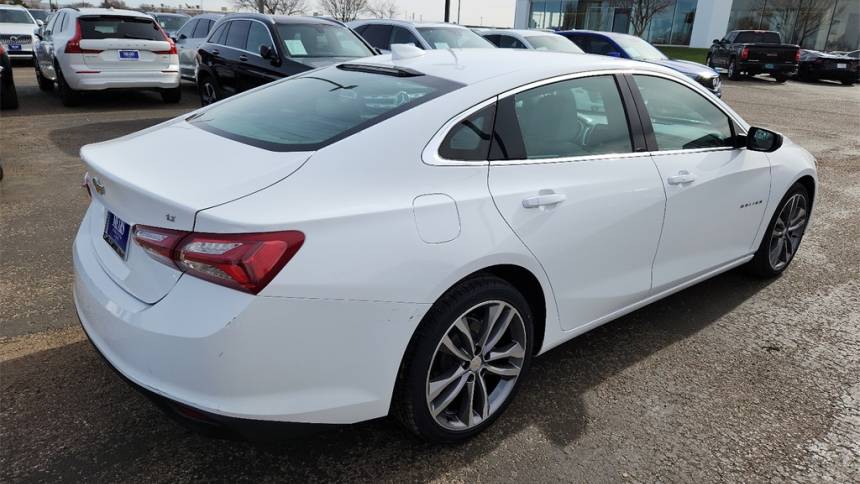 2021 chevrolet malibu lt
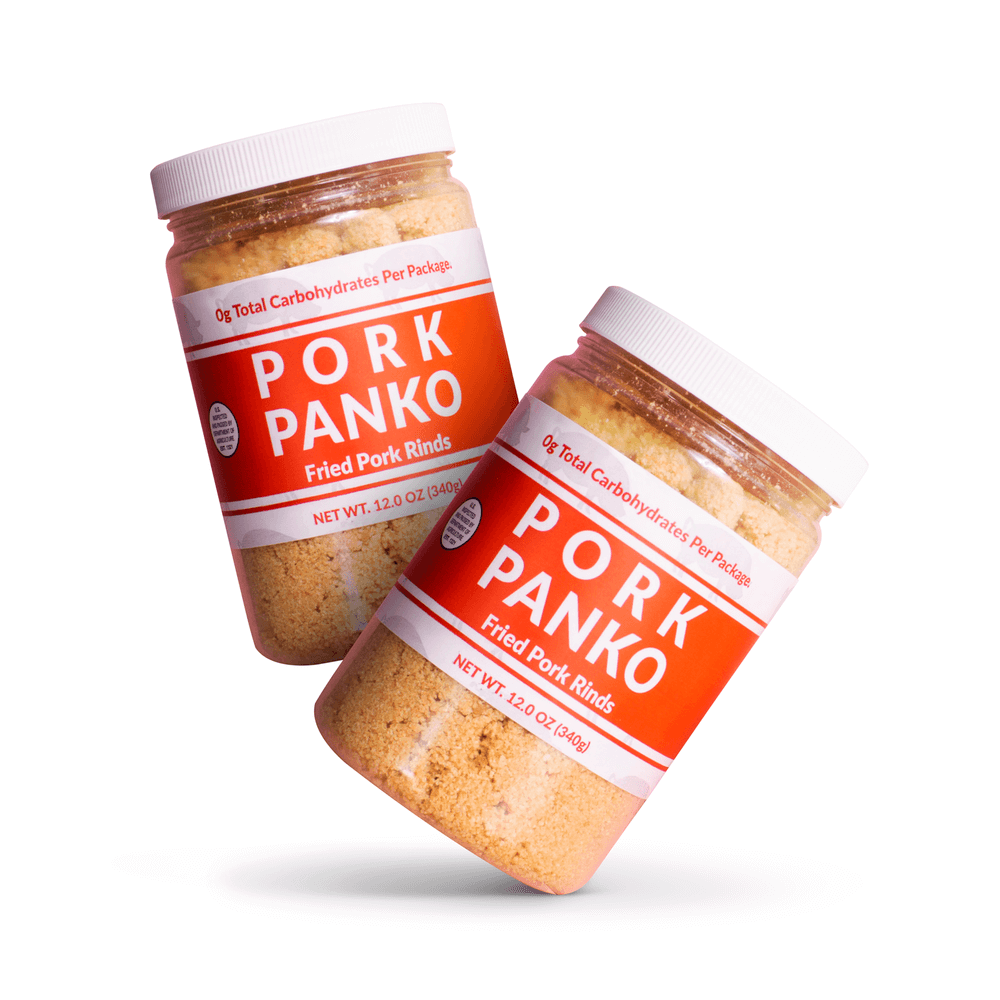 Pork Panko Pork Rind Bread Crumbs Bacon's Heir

- - - - -

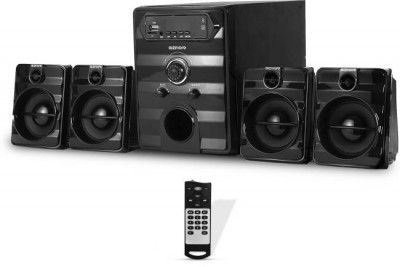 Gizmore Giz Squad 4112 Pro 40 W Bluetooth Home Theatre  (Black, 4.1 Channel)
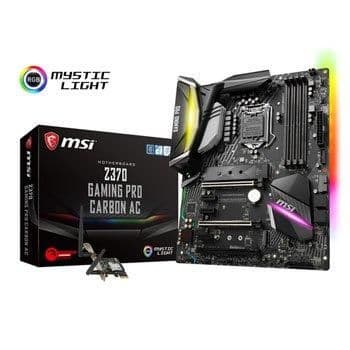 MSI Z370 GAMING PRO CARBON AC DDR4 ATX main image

- - - - -

Whatever pictures the records hold, omit them; give again exactly the lines from the one containing "2021 chevrolet malibu lt" through the one containing "Pork Panko Pork".

 2021 chevrolet malibu lt
 Pork Panko Pork Rind Bread Crumbs Bacon's Heir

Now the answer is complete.